Not doing things has to be one of my all time favorite activities. It’s right up there with being better than other people and pretending to laugh at one of Dave Coulier’s “jokes.” So I figured, dear readers, I’d offer you a few diagrams to show how you, too, can get out of doing things that other people think matter even though they have nothing at all to do with changing the locks on Dave Coulier’s apartment then pretending to be a concerned friend when he starts crying. It’s all right, Dave. Why don’t you just tell me about that time you pretended to be Popeye and everyone in the world laughed? Oh that never happened? It’s okay. I don’t judge you.
I so judge him.
Anyhoodle, one of the best ways to get out of doing something is to lie flat on the floor. Okay, I’ll be honest. That’s the only way to get out of doing something, but it works for a number of scenarios. Take for instance when your family is starving and eating the dogs is apparently out of the question (can we say spoiled?):
Matt: Seriously, this again?
Me: What did you expect? You want me to put water in the pot and boil the pasta? What kind of gypsy science experiment are you trying to perform here?
Matt: I just want dinner.
Me: And I just want to take a floor nap and eat this Cheeto I just found two inches from my face but apparently we can’t always get what we want. And don’t even think of picking me up and taping me to your body and turning us into some sort of warped ventriloquist act so we can perform in front of the neighbors for loose change that we’ll use to buy a pizza. With extra pineapple.
Matt: I wasn’t at all thinking that.
Me: Yeah, no. Me neither.
Now if you think lying flat on the floor is only kosher within the privacy of your own home you’re probaby Dave Coulier. Here’s a tissue Dave and don’t worry, you were always better looking than Uncle Jesse. Snort. Anyways, you can also use this tactic at work and utilize it in a way where you’ll not only be championed for your creativity, but Claire from accounting will probably trip over you and break one of her precious fingernails. Serves her right for calling your Alf lunchbox “nostalgic.” She obviously meant “badass” but her accountant brain is hooked on stupid evil numbers. Lets all say a prayer for Claire that she forgets everything she’s ever known about math.

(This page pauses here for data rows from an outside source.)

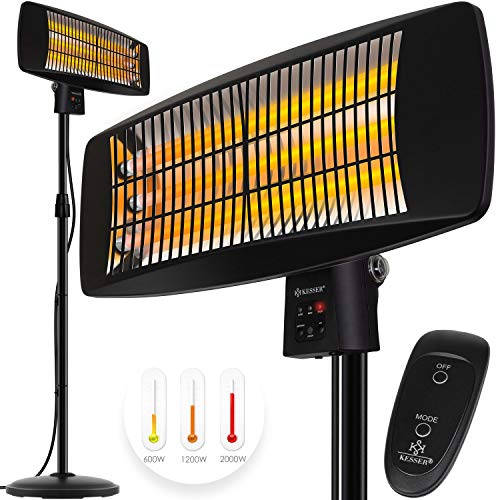 KESSER - Heizstrahler 2000 Watt Wickeltischheizstrahler Wärmelampe - Standheizstrahler - 3 Leistungsstufen Infrarot Strahler Heizelemente - inkl. Fernbedienung - Wandhalterung, Innen - Außen
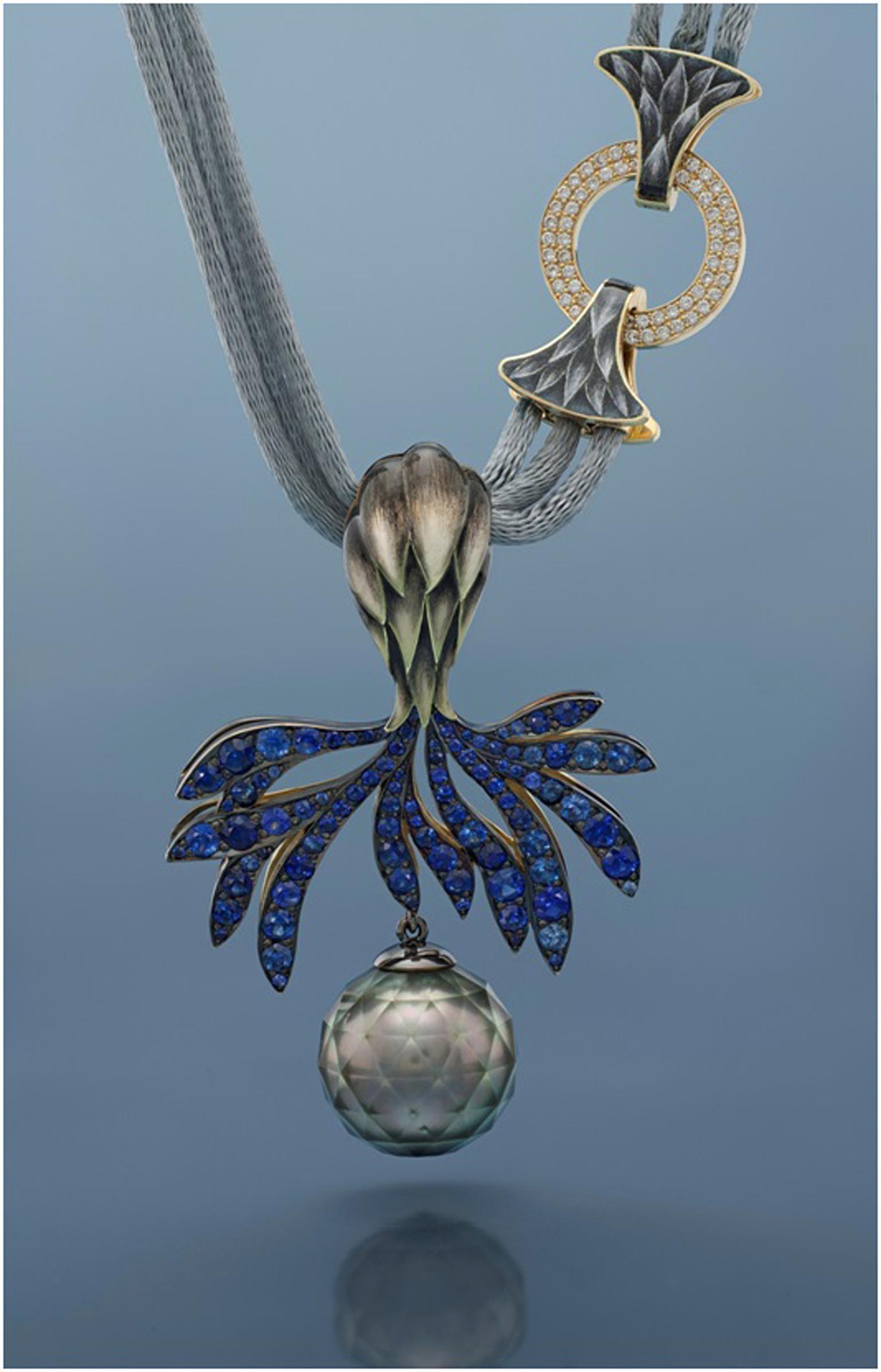 Ilgiz F "Thistle" necklace with plique-à-jour enamelling, sapphires, diamonds and a faceted pearl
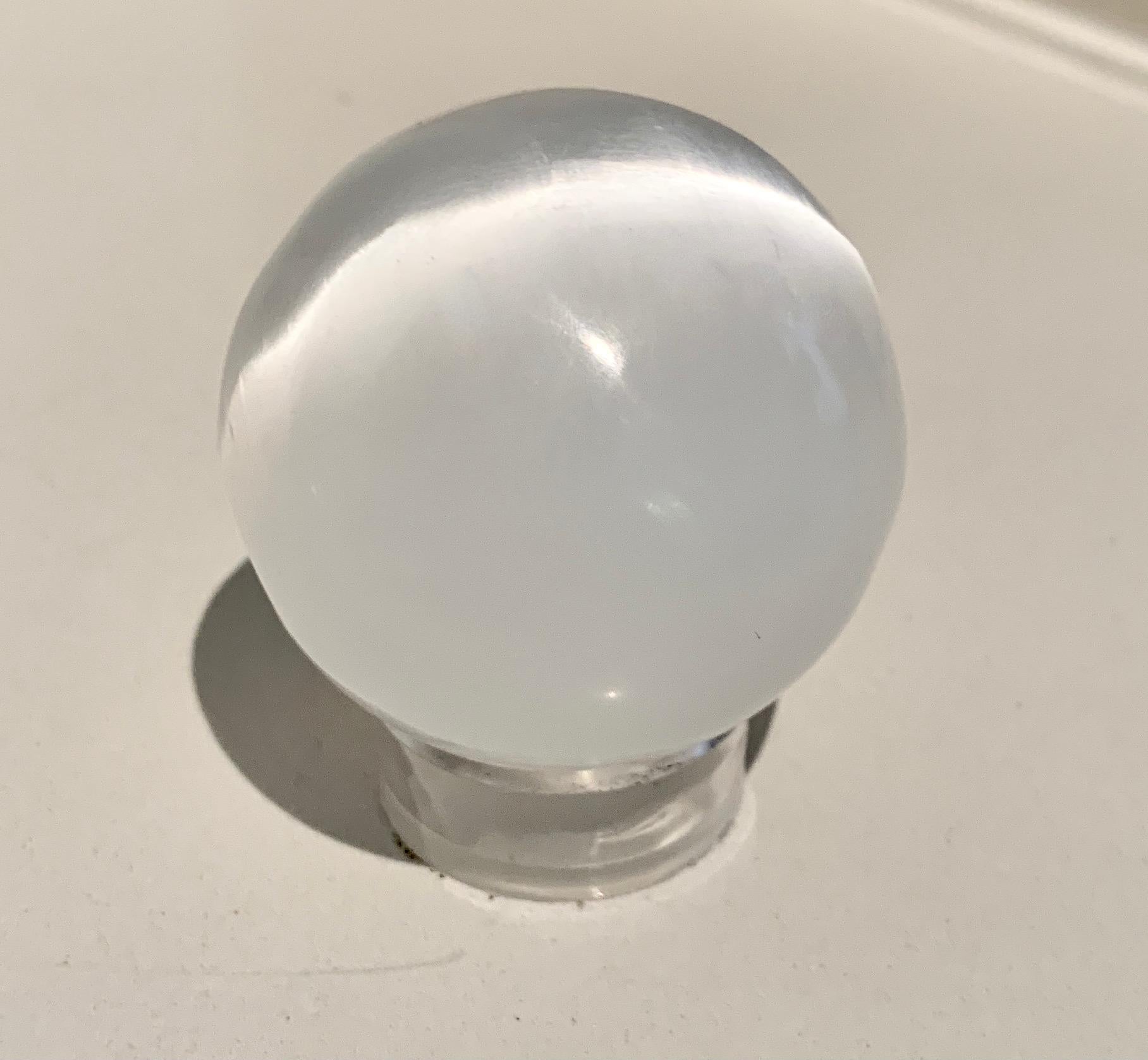 Mounted Iridescent Opaline Sphere Paper Weight In Good Condition For Sale In Los Angeles, CA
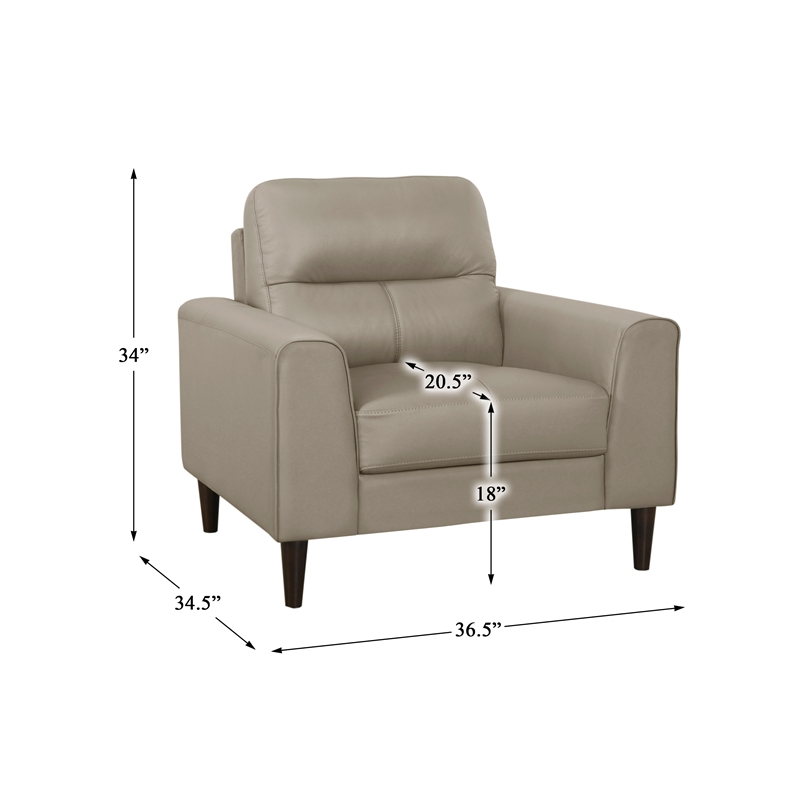 Pemberly Row Modern / Contemporary Leather Match Chair in Latte
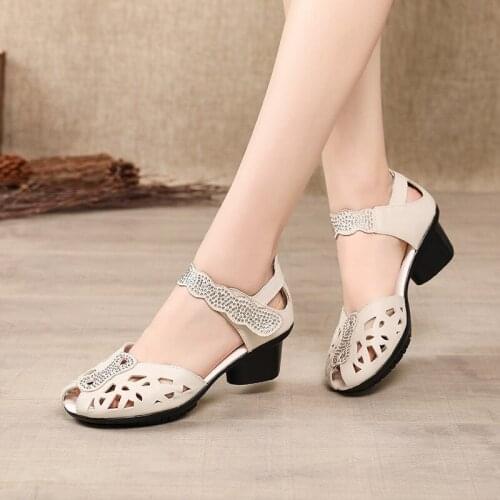 2021 Crystal Women Sandals 5CM High Heel Summer Shoes Woman Casual Hollow Peep Toe Gladiator Sandalias Plus Size 35-41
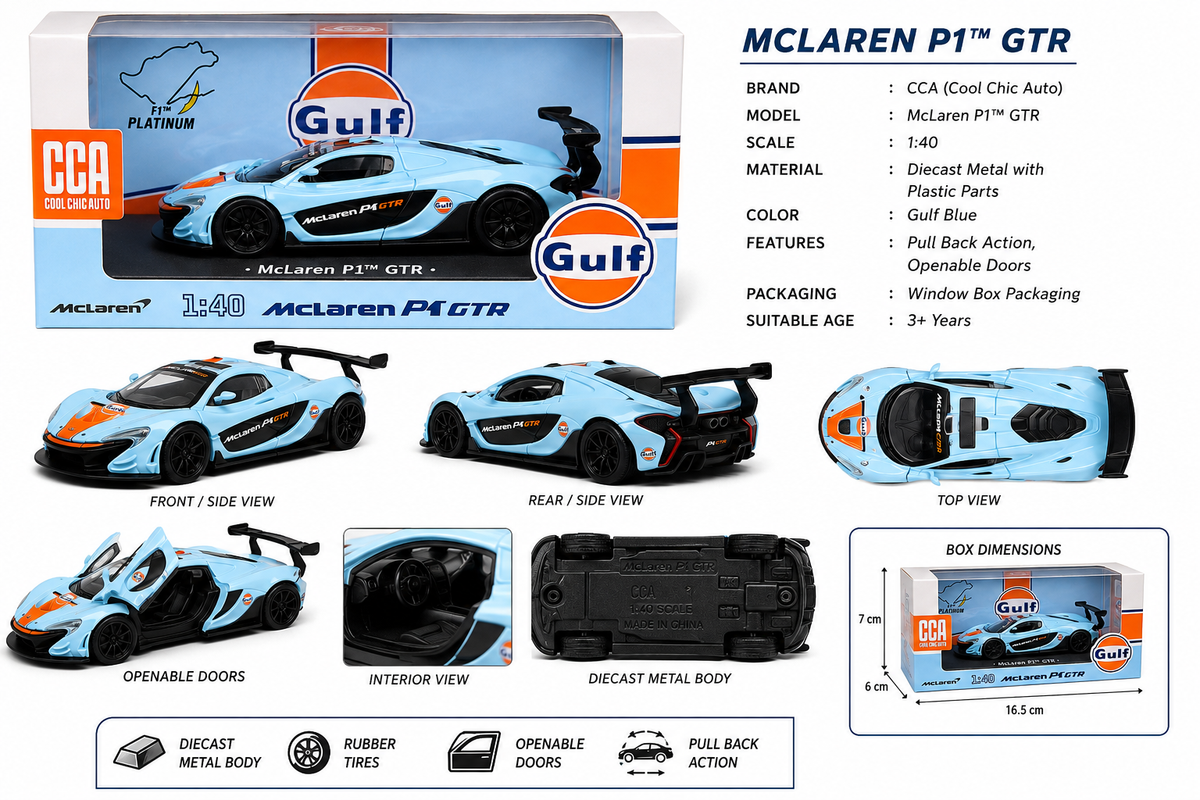 CCA Gulf Mclaren P1GTR 1:40 Scale Diecast Model With Opening Door Part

Boss: Oh, um Ericka? Are you okay?
Ericka: I’m doing very well, sir. How are you?
Boss: Can’t complain. I got a new Tweety bird tie.
Ericka: I imagine it looks absolutely stunning.
Boss: It does. It really really does. So, do you mind telling me what you’re doing on the floor?
Ericka: Well, in a steroid induced rage, Claire started yelling gypsy math at me and pushed me down on the ground. I figured I’d spend the rest of the day here on the carpet to remind everyone how harmful associating with numbers can be.
Boss: Hmmm…I like your style Ericka. Always coming up with the big ideas. If it weren’t for you I’d still have that obnoxious clock on my wall. You don’t happen to know the time do you?
Me: 3 a.m., sir.
Boss: Oh my. What’s that noise?
Me: Claire. I locked her in the bathroom just in case she attempted to do math problems out loud.
Boss: Good thinking. Well, I’m going to pass out under my desk now.
Me: Sounds good. Feel free to borrow the pillow and blanket I keep under my desk for emergencies. Like Mondays.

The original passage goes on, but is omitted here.